Independent Television
- Country: Bangladesh
- Broadcast area: Nationwide
- Headquarters: Tejgaon, Dhaka

Programming
- Language: Bengali
- Picture format: 16:9 SDTV (2011-2026) 1080i HDTV (2026-present)

Ownership
- Owner: BEXIMCO

History
- Launched: 28 July 2011; 15 years ago 1 August 2026; 49 days ago (new version)

Links
- Website: www.itvbd.com

= Independent Television (Bangladesh) =

Private news source in Bangladesh

Independent Television (ইনডিপেনডেন্ট টেলিভিশন), also known as ITV, is a Bangladeshi Bengali-language privately owned satellite and cable 24-hour news television channel owned by BEXIMCO, one of the largest Bangladeshi conglomerates. The channel commenced transmissions on 28 July 2011, and is headquartered in Tejgaon, Dhaka.

== History ==
In January 2010, India-based NDTV collaborated with BEXIMCO with the goal of launching a Bangladeshi news channel, which was given a broadcasting license by the Bangladesh Telecommunication Regulatory Commission on 20 October 2009. Independent Television commenced test transmissions on 20 October 2010 and officially began broadcasting on 28 July 2011.

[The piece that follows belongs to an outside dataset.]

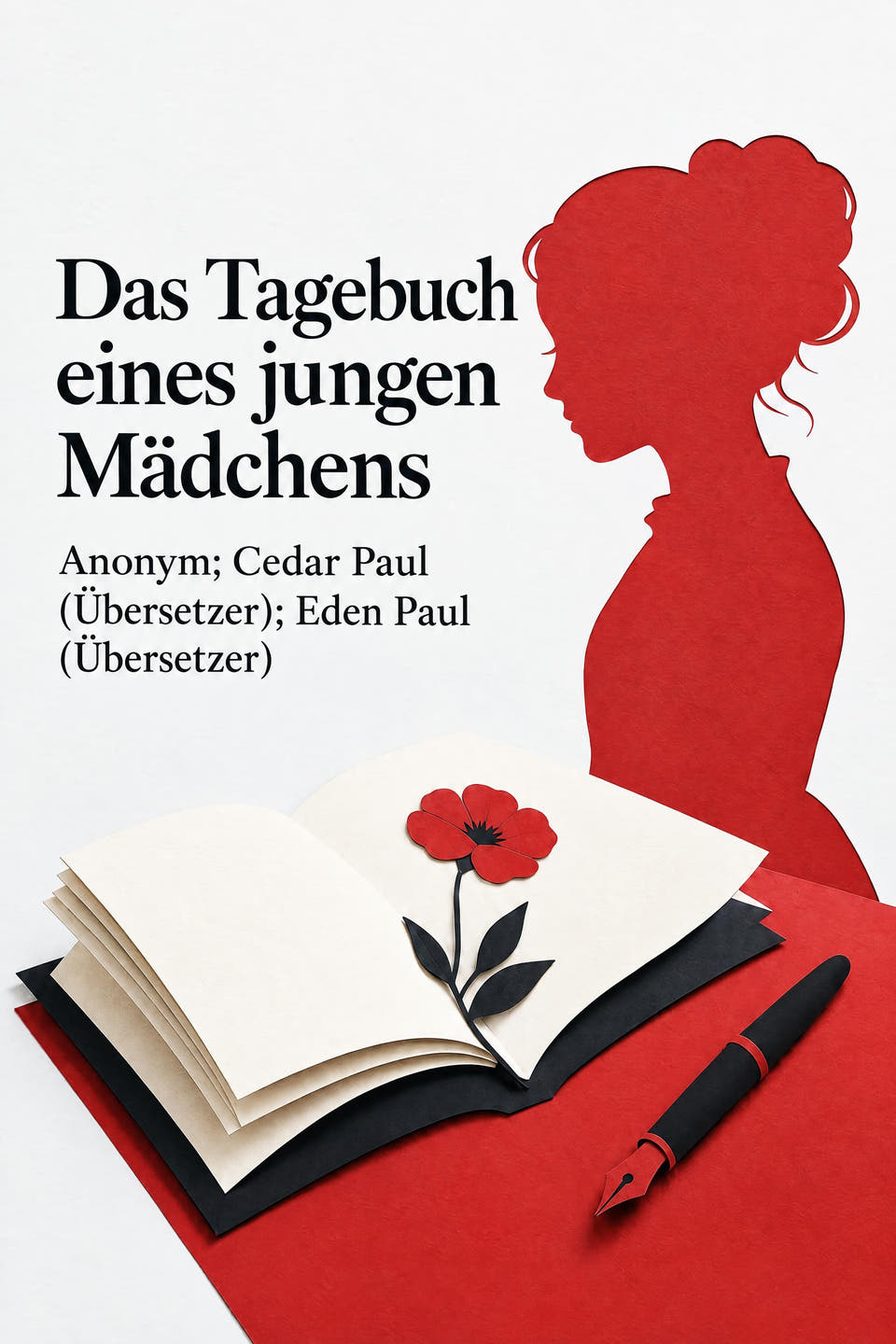 Das Tagebuch eines jungen Mädchens by Anonym; Cedar Paul (Übersetzer); Eden Paul (Übersetzer), the cover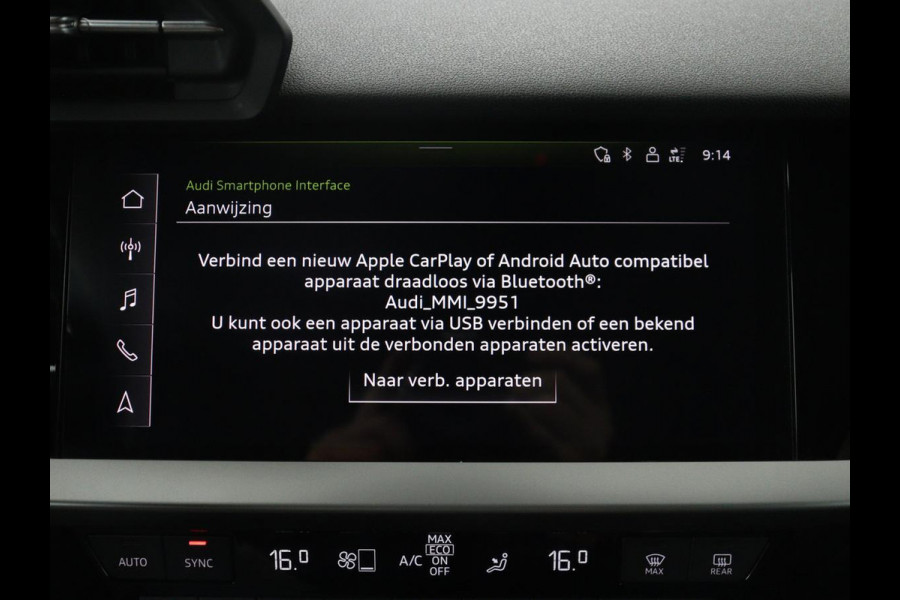 Audi A3 Sportback 30 TFSI Business edition | Cruise control | Virtueel dashboard | Climate control | Navigatie | Carplay | Park assist | 18" velgen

Toufique Imrose Khalidi, the veteran journalist of the country was appointed as the editor-in-chief, however, he was replaced by the existing CEO and editor-in-chief M Shamsur Rahman before commercial launching. It is the first television channel in Bangladesh to use the MPEG-4 technology to broadcast, and the workflow was designed in the concept of Media Asset Management (MAM) for multi-profile distribution by the technology team led by its chief technology officer Anowarul Azim.

Independent Television produced a quiz show titled Bangladesh Jiggasha, which premiered on the channel on 12 October 2018. In December 2018, the channel began broadcasting using the Bangabandhu-1 satellite.

== Programming ==
Independent Television usually broadcasts news programming. It has introduced an open newsroom studio presentation concept and connected to six divisional bureau offices for on-screen live news analysis from its first on-aired news and popular talk show Ajker Bangladesh, which Khaled Muhiuddin hosted earlier. Other programs include Rat 9 Tar Bangladesh, Joto Khela, Talash, and Goal. It also covers shows on culture, business, and entertainment. During several occasions such as holidays, Independent Television broadcasts special programming, such as Bazar Sodai, a shopping program aired on the last day of the month of Ramadan, observing Eid al-Fitr.

== Controversies ==
Shortly after the resignation of prime minister Sheikh Hasina on 5 August 2024, the headquarters of Independent Television was attacked and vandalized by mobs. Despite being one of the several channels whose headquarters were vandalized, it remained on the air. On 13 August 2024, the editor-in-chief and CEO of Independent Television, M Shamsur Rahman, was banned from leaving Bangladesh by a Dhaka court amid investigations into alleged involvement in laundering billions of taka linked to BEXIMCO vice chairman Salman F Rahman, as well as alleged embezzlement of 360 billion BDT from multiple banks. A defamation case was filed against the channel by Bangladeshi conglomerate Orion Group on 19 September 2024, accusing the channel of constantly airing misleading reports on the conglomerate allegedly embezzling governmental funds and laundering money.